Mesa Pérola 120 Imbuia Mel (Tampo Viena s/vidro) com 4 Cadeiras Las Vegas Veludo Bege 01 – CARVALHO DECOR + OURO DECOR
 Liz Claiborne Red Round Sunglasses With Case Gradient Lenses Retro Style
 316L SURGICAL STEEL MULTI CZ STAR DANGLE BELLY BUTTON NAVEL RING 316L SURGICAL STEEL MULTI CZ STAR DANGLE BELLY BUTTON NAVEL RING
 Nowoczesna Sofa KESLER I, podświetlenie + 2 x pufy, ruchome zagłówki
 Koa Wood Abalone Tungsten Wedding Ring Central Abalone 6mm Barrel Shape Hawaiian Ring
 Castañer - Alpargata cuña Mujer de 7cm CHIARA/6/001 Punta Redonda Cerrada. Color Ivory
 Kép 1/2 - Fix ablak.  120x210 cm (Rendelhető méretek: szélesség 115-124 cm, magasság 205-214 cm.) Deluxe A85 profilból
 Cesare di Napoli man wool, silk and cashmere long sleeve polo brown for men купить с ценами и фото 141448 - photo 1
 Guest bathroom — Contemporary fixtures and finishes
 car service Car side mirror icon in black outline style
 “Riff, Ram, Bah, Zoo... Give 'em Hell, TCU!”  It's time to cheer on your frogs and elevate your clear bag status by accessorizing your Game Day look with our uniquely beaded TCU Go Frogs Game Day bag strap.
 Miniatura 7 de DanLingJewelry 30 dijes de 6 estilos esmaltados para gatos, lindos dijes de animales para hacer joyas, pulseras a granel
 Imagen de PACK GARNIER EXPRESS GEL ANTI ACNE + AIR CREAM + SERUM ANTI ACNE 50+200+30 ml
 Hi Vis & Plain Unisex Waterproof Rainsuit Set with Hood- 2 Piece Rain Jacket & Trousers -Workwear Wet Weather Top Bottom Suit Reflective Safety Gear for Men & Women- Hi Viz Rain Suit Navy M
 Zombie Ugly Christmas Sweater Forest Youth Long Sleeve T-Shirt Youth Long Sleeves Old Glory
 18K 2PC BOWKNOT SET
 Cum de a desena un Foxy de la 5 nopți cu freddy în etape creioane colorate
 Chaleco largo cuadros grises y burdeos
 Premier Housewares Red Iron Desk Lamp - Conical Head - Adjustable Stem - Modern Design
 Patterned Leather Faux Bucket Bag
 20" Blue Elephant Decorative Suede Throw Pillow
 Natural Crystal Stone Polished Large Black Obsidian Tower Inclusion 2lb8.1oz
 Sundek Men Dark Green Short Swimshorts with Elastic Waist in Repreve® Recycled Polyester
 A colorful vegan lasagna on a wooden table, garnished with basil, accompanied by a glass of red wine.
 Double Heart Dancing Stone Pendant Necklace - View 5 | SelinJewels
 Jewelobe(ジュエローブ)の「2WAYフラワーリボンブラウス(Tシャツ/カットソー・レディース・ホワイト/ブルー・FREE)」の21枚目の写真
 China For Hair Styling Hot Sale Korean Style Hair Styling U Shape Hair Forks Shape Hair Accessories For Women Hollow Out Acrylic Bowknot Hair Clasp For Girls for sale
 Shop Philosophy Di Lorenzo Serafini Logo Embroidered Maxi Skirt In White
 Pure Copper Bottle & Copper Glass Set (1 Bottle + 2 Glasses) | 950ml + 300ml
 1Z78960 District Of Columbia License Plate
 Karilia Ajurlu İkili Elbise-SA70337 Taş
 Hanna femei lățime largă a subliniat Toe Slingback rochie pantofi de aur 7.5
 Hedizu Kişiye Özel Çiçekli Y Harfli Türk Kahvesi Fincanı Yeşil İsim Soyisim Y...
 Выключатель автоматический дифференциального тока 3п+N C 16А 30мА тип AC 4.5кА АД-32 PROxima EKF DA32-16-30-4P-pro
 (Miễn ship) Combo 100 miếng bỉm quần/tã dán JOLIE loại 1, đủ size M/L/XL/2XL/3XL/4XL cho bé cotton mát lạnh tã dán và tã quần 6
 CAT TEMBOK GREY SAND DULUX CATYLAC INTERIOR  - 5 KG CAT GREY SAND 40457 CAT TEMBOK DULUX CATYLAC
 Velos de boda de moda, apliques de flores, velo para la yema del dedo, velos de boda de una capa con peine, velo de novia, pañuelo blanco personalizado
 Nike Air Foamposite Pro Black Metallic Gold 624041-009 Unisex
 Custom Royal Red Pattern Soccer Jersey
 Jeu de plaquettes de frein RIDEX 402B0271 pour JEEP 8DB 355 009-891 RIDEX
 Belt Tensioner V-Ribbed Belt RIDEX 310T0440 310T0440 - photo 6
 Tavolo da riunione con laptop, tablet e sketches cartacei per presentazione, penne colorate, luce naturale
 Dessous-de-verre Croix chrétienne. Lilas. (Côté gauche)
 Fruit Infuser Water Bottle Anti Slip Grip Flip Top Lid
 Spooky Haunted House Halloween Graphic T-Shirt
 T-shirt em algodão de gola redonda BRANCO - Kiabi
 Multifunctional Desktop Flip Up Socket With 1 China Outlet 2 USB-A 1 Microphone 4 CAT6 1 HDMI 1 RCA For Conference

----------

Repeat the entries verbatim through the line with "Nowoczesna Sofa KESLER".

Mesa Pérola 120 Imbuia Mel (Tampo Viena s/vidro) com 4 Cadeiras Las Vegas Veludo Bege 01 – CARVALHO DECOR + OURO DECOR
 Liz Claiborne Red Round Sunglasses With Case Gradient Lenses Retro Style
 316L SURGICAL STEEL MULTI CZ STAR DANGLE BELLY BUTTON NAVEL RING 316L SURGICAL STEEL MULTI CZ STAR DANGLE BELLY BUTTON NAVEL RING
 Nowoczesna Sofa KESLER I, podświetlenie + 2 x pufy, ruchome zagłówki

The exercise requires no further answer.